Below is some data. Retype exactly the lines starting at the one with "GT突破13.329USDT创历史新高，持有者尽享专属空投及挖矿等福利" and ending at the one with "Hero baby milk Nutradefense 3 Plus".

Short descriptive text snippets

□ □ □ □ □

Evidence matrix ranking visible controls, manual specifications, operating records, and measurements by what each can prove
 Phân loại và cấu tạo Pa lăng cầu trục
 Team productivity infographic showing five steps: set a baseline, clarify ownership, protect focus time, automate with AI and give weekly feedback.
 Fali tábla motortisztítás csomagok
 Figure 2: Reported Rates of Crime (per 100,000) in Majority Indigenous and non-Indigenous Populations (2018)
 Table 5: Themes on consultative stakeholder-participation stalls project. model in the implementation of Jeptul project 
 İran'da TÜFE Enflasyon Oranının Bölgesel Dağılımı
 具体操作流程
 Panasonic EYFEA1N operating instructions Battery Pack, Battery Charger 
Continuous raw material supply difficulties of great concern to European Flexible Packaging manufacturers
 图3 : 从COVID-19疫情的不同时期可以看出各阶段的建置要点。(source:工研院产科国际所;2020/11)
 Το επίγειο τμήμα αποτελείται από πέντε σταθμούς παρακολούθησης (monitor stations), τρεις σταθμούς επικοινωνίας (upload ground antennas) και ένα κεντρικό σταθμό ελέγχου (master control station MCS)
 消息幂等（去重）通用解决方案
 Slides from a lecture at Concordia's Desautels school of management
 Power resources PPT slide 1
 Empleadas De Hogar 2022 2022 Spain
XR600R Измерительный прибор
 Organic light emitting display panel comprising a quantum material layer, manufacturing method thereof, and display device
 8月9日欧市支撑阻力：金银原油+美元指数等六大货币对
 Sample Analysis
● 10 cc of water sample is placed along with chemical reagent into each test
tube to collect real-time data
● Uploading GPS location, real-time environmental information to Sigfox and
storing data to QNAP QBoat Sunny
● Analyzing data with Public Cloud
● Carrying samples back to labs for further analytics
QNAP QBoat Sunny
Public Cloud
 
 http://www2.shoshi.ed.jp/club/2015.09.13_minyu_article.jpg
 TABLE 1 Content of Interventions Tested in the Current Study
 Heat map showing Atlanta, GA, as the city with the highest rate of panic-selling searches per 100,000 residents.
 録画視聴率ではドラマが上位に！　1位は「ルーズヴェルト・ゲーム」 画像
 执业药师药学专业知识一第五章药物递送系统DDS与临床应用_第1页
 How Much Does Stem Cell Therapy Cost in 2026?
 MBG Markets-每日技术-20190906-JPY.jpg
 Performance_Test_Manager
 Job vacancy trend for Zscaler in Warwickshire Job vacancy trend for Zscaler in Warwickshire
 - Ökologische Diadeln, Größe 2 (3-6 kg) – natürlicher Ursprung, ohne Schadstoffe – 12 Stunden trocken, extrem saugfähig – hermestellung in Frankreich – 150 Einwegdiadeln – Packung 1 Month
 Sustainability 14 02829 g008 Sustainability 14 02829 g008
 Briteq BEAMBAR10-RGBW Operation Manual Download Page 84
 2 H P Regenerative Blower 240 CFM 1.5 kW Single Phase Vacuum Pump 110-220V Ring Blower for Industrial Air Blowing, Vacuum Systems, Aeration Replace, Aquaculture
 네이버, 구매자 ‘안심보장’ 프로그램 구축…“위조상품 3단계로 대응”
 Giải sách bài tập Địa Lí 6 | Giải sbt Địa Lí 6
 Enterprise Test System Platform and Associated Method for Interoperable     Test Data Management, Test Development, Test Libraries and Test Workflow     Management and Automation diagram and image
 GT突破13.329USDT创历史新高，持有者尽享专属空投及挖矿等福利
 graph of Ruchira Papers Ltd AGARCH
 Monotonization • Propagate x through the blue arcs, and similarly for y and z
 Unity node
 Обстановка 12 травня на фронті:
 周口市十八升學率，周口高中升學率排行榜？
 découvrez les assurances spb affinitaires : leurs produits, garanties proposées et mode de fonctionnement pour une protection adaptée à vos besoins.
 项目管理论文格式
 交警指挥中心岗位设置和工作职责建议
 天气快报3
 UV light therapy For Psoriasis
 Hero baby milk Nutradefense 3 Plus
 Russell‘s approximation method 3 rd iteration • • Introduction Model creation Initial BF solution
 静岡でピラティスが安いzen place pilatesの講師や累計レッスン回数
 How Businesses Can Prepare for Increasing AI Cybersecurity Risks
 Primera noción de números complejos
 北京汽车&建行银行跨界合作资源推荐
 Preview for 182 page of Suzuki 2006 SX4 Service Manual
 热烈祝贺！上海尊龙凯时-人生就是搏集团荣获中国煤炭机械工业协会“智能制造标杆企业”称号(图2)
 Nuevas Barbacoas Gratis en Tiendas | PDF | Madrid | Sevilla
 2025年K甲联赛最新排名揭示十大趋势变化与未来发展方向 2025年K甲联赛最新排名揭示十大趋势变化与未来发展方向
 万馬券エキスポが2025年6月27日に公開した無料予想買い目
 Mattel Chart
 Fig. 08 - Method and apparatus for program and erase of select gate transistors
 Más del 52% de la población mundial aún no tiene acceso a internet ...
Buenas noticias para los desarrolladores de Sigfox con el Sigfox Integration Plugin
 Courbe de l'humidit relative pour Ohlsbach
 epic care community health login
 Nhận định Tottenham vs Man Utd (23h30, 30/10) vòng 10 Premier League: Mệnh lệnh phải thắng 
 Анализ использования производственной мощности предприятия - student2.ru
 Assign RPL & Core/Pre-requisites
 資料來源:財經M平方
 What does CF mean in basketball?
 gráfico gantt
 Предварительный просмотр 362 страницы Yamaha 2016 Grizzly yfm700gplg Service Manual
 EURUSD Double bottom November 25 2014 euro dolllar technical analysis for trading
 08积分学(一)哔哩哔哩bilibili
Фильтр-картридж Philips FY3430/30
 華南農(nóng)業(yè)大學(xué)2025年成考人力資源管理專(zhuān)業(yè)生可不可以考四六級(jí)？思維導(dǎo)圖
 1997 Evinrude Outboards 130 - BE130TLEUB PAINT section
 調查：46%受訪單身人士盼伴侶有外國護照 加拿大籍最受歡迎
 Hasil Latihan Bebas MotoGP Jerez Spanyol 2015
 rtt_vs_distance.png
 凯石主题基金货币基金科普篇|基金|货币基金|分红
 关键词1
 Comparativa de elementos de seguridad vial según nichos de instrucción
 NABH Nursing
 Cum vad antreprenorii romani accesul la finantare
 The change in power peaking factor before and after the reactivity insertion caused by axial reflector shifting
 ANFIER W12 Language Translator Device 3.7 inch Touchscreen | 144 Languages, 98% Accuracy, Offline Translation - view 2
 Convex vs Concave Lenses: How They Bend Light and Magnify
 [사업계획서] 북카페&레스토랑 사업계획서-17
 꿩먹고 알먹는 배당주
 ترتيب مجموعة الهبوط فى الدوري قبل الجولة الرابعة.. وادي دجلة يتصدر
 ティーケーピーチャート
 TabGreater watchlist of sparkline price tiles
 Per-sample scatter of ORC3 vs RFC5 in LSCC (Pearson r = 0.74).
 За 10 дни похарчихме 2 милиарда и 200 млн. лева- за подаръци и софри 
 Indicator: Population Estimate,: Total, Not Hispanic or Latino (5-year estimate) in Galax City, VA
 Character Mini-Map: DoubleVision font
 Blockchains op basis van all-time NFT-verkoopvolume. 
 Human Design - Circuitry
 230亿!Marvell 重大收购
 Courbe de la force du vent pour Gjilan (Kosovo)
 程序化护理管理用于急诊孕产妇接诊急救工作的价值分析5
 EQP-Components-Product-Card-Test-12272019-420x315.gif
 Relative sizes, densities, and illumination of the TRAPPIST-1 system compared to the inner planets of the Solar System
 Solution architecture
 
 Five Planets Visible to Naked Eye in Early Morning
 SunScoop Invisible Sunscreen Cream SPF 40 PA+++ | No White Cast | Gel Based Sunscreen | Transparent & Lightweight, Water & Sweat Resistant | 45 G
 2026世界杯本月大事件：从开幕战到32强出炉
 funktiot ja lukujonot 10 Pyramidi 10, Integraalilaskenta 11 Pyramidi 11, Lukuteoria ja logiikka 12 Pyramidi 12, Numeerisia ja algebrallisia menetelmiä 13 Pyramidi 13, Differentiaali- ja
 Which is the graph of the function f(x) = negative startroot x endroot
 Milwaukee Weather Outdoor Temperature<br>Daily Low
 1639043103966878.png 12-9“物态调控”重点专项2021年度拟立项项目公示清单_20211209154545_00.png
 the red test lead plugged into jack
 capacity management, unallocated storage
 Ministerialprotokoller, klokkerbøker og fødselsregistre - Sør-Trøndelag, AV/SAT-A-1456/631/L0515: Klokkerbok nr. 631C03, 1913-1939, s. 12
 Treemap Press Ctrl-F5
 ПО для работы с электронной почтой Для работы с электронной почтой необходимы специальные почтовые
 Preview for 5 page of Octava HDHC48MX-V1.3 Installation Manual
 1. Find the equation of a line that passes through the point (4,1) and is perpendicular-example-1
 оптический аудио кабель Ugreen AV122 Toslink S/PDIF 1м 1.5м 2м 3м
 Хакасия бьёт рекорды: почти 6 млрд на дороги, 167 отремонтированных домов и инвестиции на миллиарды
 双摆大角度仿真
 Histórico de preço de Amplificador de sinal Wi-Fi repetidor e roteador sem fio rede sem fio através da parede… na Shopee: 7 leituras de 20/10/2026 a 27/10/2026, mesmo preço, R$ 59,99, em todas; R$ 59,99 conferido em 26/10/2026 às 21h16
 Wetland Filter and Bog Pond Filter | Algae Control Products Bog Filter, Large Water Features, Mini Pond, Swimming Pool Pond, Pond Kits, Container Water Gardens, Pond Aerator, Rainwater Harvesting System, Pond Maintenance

□ □ □ □ □

> Answer to the exercise
 GT突破13.329USDT创历史新高，持有者尽享专属空投及挖矿等福利
 graph of Ruchira Papers Ltd AGARCH
 Monotonization • Propagate x through the blue arcs, and similarly for y and z
 Unity node
 Обстановка 12 травня на фронті:
 周口市十八升學率，周口高中升學率排行榜？
 découvrez les assurances spb affinitaires : leurs produits, garanties proposées et mode de fonctionnement pour une protection adaptée à vos besoins.
 项目管理论文格式
 交警指挥中心岗位设置和工作职责建议
 天气快报3
 UV light therapy For Psoriasis
 Hero baby milk Nutradefense 3 Plus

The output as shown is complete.